The listing that follows should be duplicated character for character.

——

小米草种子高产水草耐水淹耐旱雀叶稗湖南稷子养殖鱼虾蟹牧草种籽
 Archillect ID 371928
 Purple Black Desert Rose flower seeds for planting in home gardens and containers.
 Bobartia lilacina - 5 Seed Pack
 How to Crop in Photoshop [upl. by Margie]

——

### Solution to the problem
小米草种子高产水草耐水淹耐旱雀叶稗湖南稷子养殖鱼虾蟹牧草种籽
 Archillect ID 371928
 Purple Black Desert Rose flower seeds for planting in home gardens and containers.
 Bobartia lilacina - 5 Seed Pack
 How to Crop in Photoshop [upl. by Margie]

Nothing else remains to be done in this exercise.